Supplied data:
▬▬▬▬▬▬

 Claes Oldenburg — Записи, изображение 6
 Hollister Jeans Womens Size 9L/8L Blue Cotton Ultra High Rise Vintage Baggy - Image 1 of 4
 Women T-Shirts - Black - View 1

▬▬▬▬▬▬

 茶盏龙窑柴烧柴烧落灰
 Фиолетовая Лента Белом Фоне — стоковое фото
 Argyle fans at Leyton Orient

▬▬▬▬▬▬

Working from the material above, retype exactly the lines from the one with "Claes Oldenburg — Записи, изображение 6" through the one with "Women T-Shirts - Black - View 1", both included, and only those lines.

 Claes Oldenburg — Записи, изображение 6
 Hollister Jeans Womens Size 9L/8L Blue Cotton Ultra High Rise Vintage Baggy - Image 1 of 4
 Women T-Shirts - Black - View 1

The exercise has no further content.